I’ll conclude this week’s five part series with the excerpt that inspired it from, Off the Clock, by Laura Vanderkam:
The goal of this series was to give you ideas on how to replace the short blocks of time you’re spending on your phone doing things that will be more rewarding. One of the ways to accomplish this is through learning.
Biographies of famous leaders nearly always list life-long learning as a critical factor in their success. Warren Buffett, Teddy Roosevelt, and Ben Franklin are all said to have read five hours or more a week. I know you’re thinking, “Ain’t nobody got time for that,” but it’s not as hard as it sounds.
Taking the time to read a book or magazine will also make you feel less overwhelmed because suddenly you’ll identify yourself as the type of person who has time to read. Identity is a technique used for habit formation. Identifying yourself as a runner will allow you to lose far more weight than just saying you want to run three days a week.
Reading non-fiction is an excellent way to learn new things. For far less than the cost of an MBA you can read a dozen books on . Want to start a business but don’t know how? There are plenty of books and websites dedicated to entrepreneurship. How about personal finance? From TV personalities like Jim Cramer, Dave Ramsey, and Suze Orman to hedge fund managers like Ray Dalio, every “expert” out there has written a book or four.
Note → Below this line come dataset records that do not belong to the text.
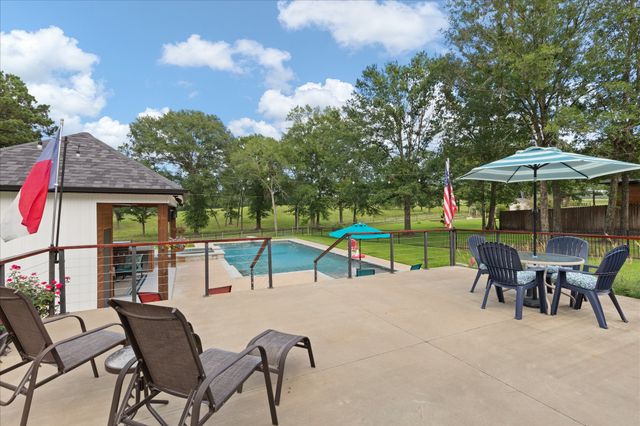 350 Pecan Creek Drive, Henderson, TX 75654
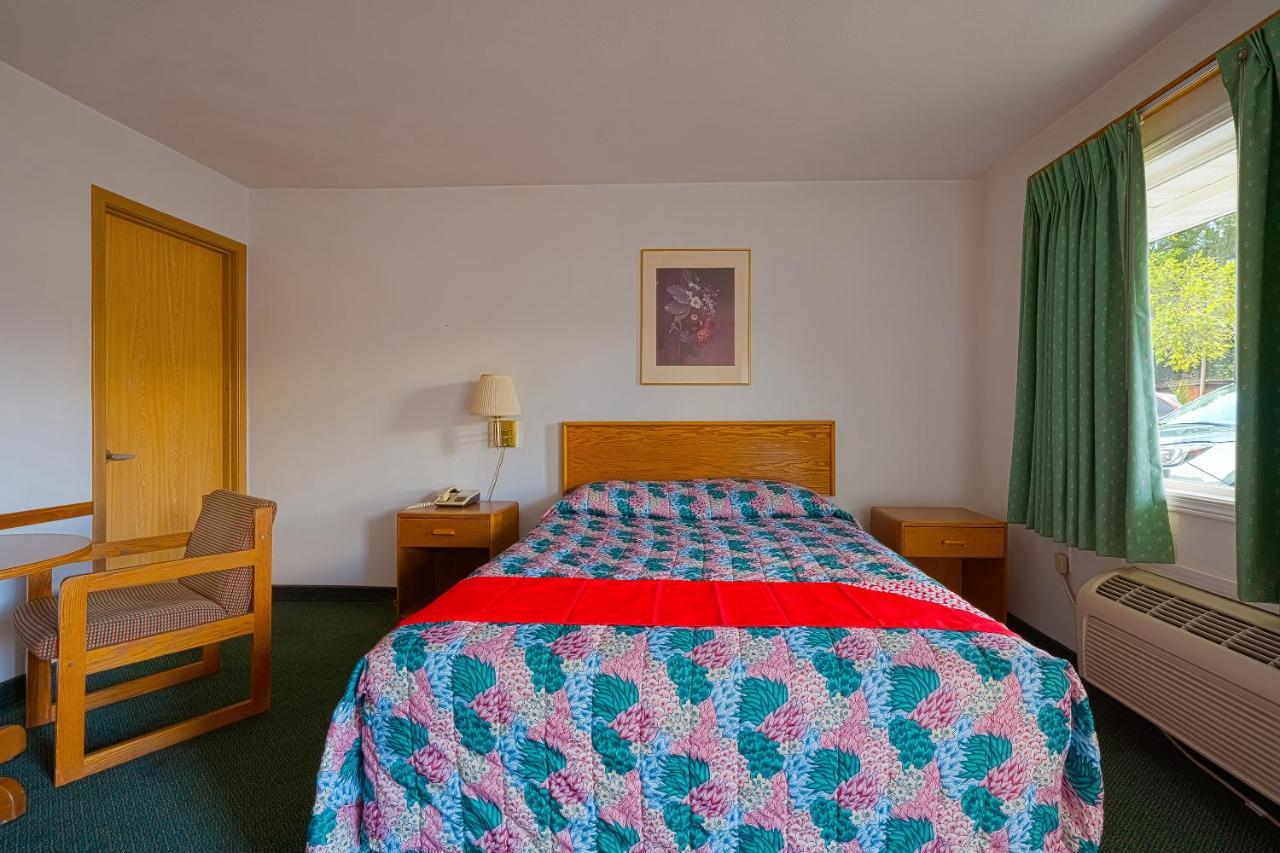 Oyo Riverside Inn John Day Or Εξωτερικό φωτογραφία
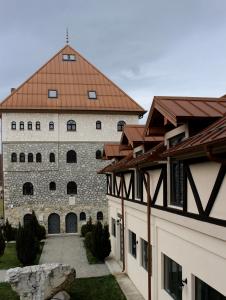 Budova, kde se hotel nachází + 20 fotografií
Magazines are another great way to learn more about your hobbies. Subscriptions to high quality, curated content are cheap, usually only $10-$20 a year. Keep one magazine at your desk for breaks or lunchtime reading. Keep one in your car for down time at kids sports practices or the doctor’s waiting room. Plus, you’ll never have to worry about running out of battery or having WiFi.
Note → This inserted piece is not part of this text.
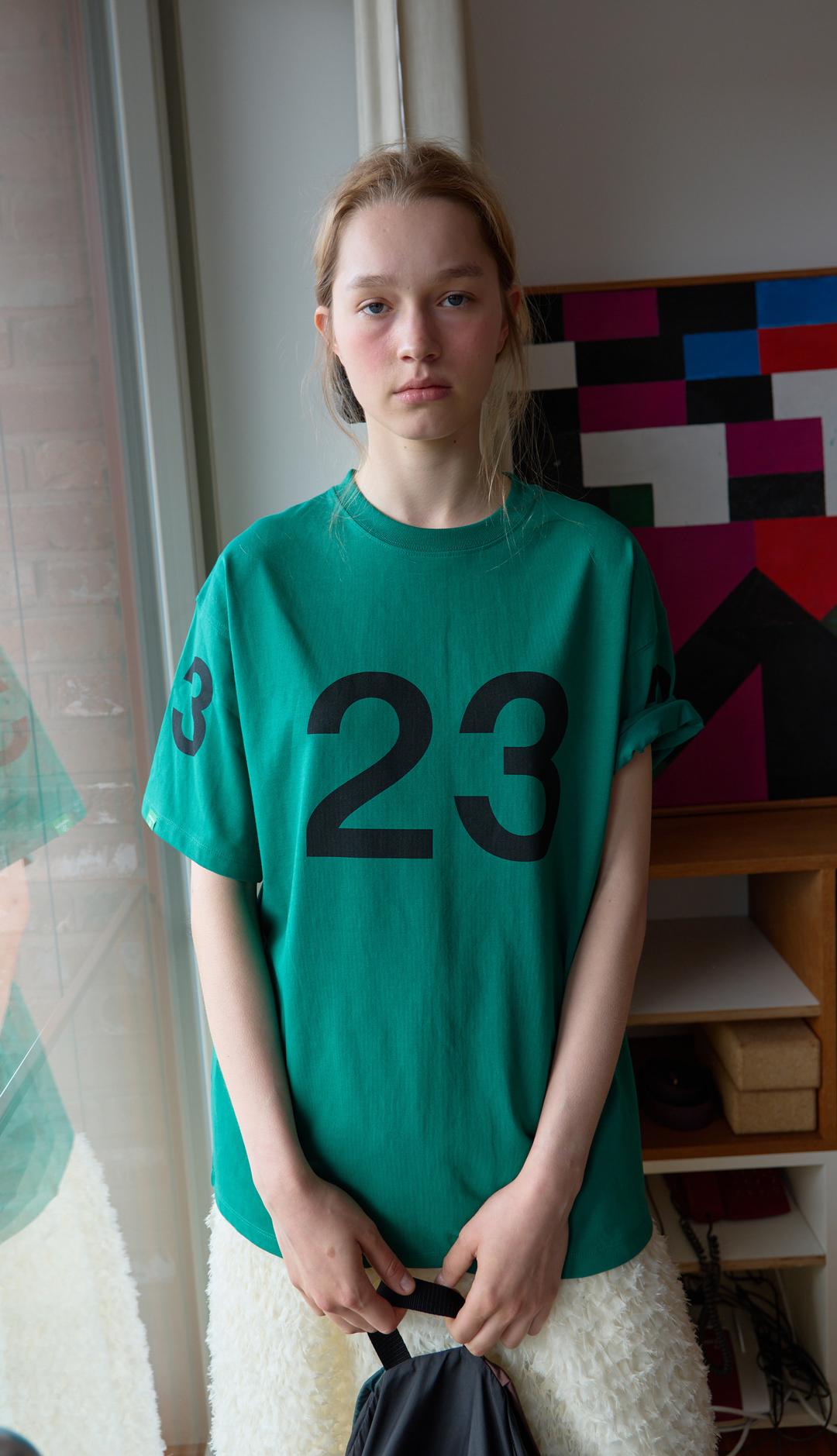 188. 23 T _ Green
A great way to read more online content is to use the Pocket app. Pocket gets added to the list of options on your phone’s share menu. As you browse the internet and find great content, like this blog 😉, that you want to read but don’t have time to right now, you save it to the Pocket app. Then when you have time to read the article you open the app and see the list of the articles you have saved. The best part is that Pocket will display a version of the article that strips out all the click bait and advertisements that try to distract you on the actual article.
If, like me, you prefer to listen to content instead of reading it Pocket can even read the articles to you. You may even find you prefer reading from this distraction free version of the site.